I am perhaps an embodiment of this narrative. I chose to go from a £50K pa salary down to living from odds and sods and planting my own poly tunnels. I might not change the world, but at least I can feel smug as everything else goes to shit.

And that is the point. Of course individual decisions are important, but only if they are collectivised. Only if we establish a mass movement of individuals will significant change be possible.

So once again, where are the narratives that will create this mass movement? Our political parties have become stalemated by a Brexit debate that entirely misses the point- like all binary in/out yes/no referendums are bound to when faced with issues that are so nuanced that they can mean whatever we want them to mean.

But the narratives are there, if you look for them.

It is perhaps unsurprising that in order to deal with inequality, both globally and nationally, we have to talk about tax. We have to talk about wages and we have to talk about poverty. We can not just blame poor people any more, we have to look at the actual causes and sustaining factors of poverty.

We have to look at how rich people stay rich. We have to examine how wealth impacts health. We have to look at the private education system in the UK.

We have to understand the impact of unequal trade on the poorest people in the poorest countries in the world.

We have to call out those who cry ‘fake news’ at anyone who mentions the uncomfortable desperate realities of climate change.

But understanding will only take us so far. We easily get stuck on defining what is wrong – we have to then decide what we are going to do to address the wrong we have discovered.

I think we have to start by talking about ideas- treasuring them, trying them out. We have to start a mass movement towards change by allowing voices who are proposing alternatives to be heard above all the other noise. So, to add my small piece to this, here are a couple of clips featuring Rutger Bregman, the young Dutch historian who wrote a book called Utopia for Realists.

The first clip is doing the rounds on FB- you may have already seen it. (Thanks to Andrew Hill for pointing me towards it!) The second is an interview with Owen Jones about the book.

Artists and wellbeing. Time to embrace imperfection…

Here is my contention; being an artist can have a serious impact on your mental health.

There is a compulsion that drives people who are creative to create. Those of us who find space, finance and time to pursue this compulsion are truly blessed. We are living the dream, right?

But our art, whatever the medium, is a fickle thing. As soon as we think we have it, it flies away. Sometimes it seems that what we are seeking is always just beyond reach.

There are obvious reasons for this, to do with the nature of art, its indefinable qualities and the value we place upon it. How do we know that what we are creating is good? And even if it is good, why is it not better?

Perhaps it is about recognition- but this is dangerous. Few will be honest to our faces.

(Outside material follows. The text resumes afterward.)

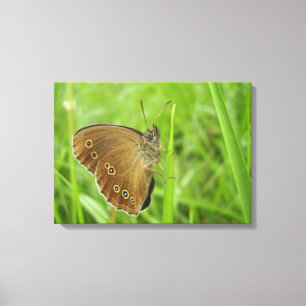 Ringlet Butterfly Canvas Print Leinwanddruck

Perhaps we need to rely on people we trust?

But these people will typically be our peers- making their own art. Art that will be different to ours. Better.

Perhaps then it is about commercial success- the degree to which people buy what we make. But that too is a fools game, for the commercial world has many rules of success that have nothing to do with excellence, or depth of meaning.

Even those who have known a measure of success (however we measure it) tend to be riven with doubts about their ability to repeat it. If a potter has made the perfect pot, a musician the sweetest song, a painter a picture that brings people to tears, the expectancy of everyone is that they will simply do it again. They will have no idea that for each piece of perfection, there have been a hundred pieces that have been mediocre. We start to believe that lightening struck, but can not strike twice.

I think that art arises from unfulfilled yearning. From a longing for encounters with something deeper, something more meaningful, perhaps something beautiful. For many of us, there is a deep satisfaction discovered in process- in the shaping of our raw material. For some too, there is orgiastic release in performance, but ultimately, once the work is done, we have to return to the ordinary mess of our ordinary lives, which are occupied not just by the me-centric nature of creativity, but have to embrace the compromise of community.

If these words are resonating with you, then perhaps you are my sister, my brother, in the family of Almost. Almost finished. Almost good. Almost satisfied.

Perhaps though, as a new year unfolds, it is time to show our artistic selves a little of the compassion we might offer to others. I wrote the list below to myself, and for the rest of the Almosts.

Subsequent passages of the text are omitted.